[Exercise inputs]
================================

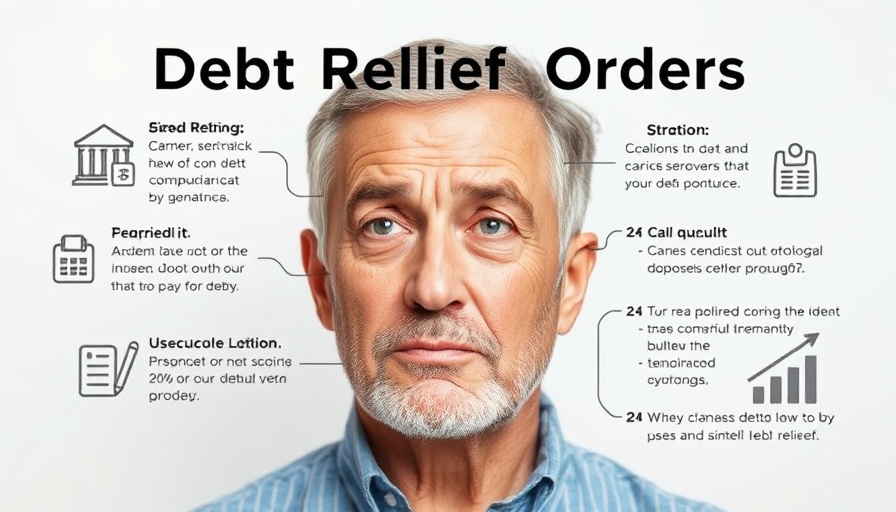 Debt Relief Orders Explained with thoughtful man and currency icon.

================================

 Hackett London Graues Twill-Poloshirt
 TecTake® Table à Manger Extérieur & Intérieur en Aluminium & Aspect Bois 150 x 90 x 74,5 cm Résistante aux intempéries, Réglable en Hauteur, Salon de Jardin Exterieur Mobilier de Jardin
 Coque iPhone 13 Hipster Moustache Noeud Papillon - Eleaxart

================================

[Instructions to follow]
Please give an exact copy of the entries above, from the line with "Hackett London Graues Twill-Poloshirt" down to the line with "Coque iPhone 13", inclusive, and nothing else.

[Result of the exercise]
 Hackett London Graues Twill-Poloshirt
 TecTake® Table à Manger Extérieur & Intérieur en Aluminium & Aspect Bois 150 x 90 x 74,5 cm Résistante aux intempéries, Réglable en Hauteur, Salon de Jardin Exterieur Mobilier de Jardin
 Coque iPhone 13 Hipster Moustache Noeud Papillon - Eleaxart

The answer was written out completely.